[Data items]

━━━━━━━━━━━━━━━━━━━━

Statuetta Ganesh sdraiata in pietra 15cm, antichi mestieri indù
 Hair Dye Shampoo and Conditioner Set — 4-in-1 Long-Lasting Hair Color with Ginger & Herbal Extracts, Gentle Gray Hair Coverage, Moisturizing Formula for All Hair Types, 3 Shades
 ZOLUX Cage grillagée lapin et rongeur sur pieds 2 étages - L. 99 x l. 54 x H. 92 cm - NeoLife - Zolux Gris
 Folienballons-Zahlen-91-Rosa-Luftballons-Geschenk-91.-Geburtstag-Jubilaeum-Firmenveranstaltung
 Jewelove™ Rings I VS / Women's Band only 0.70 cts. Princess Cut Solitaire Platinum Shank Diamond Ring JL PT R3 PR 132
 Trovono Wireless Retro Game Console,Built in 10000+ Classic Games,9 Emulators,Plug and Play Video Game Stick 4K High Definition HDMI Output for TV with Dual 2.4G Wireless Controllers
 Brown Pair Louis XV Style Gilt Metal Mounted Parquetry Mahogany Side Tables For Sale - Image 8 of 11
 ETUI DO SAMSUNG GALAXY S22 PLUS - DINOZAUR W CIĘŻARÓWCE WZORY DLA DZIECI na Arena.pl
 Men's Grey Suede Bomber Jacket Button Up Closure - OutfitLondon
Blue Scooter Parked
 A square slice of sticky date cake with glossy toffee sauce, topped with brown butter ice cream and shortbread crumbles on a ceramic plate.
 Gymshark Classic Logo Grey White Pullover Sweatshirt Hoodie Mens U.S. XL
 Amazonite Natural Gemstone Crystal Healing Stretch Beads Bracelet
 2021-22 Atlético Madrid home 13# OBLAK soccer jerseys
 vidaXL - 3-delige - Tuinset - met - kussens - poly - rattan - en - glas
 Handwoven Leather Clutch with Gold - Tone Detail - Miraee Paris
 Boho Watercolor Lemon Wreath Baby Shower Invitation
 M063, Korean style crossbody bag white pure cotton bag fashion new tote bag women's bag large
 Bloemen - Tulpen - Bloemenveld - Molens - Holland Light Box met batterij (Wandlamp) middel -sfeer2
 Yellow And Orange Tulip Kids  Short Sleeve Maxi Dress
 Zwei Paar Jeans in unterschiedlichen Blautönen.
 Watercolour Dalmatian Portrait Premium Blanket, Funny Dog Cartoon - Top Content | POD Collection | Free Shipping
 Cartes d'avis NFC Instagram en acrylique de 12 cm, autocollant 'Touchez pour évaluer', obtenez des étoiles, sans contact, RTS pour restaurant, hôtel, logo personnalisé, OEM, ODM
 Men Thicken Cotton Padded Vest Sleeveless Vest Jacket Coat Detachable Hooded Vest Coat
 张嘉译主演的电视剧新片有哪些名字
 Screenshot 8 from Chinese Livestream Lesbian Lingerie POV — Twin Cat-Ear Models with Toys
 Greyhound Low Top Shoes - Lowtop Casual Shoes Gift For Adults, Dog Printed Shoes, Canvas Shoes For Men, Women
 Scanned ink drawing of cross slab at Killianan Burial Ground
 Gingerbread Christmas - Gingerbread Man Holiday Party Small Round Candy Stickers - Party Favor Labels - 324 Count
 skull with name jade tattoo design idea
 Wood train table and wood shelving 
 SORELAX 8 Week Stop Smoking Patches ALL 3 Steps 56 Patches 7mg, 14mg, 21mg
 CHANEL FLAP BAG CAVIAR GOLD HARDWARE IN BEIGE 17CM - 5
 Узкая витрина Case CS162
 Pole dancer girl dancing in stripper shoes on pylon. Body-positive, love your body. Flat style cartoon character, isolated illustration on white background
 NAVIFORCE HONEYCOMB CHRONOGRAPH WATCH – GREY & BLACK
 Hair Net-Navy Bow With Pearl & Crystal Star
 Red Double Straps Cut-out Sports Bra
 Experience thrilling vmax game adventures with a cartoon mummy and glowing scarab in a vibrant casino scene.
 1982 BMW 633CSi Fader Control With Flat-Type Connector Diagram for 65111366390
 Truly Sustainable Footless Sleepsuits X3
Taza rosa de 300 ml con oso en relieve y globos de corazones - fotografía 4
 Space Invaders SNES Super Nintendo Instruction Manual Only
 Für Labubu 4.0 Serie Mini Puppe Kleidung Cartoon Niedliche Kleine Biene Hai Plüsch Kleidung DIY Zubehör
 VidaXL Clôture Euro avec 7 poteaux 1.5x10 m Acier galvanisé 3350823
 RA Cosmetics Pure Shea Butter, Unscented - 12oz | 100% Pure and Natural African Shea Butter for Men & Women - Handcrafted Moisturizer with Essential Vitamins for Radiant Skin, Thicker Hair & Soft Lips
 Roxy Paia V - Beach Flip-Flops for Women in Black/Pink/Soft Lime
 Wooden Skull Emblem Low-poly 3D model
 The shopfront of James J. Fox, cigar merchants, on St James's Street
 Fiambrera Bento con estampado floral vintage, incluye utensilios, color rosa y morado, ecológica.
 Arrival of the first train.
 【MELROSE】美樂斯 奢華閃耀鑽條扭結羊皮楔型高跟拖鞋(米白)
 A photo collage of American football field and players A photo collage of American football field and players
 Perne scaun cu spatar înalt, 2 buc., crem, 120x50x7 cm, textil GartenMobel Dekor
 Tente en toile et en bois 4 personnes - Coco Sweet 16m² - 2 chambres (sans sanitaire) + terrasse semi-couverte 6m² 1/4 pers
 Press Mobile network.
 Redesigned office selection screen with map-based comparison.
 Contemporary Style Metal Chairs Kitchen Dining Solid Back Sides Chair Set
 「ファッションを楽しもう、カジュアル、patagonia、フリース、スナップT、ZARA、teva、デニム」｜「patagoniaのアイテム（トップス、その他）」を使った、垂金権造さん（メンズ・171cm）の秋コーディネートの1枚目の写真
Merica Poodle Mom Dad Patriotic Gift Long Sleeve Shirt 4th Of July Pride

━━━━━━━━━━━━━━━━━━━━

# Brief:
Please give, as a single number with nothing added, the count of lines in the records that contain the word "Classic".

# Response area:
2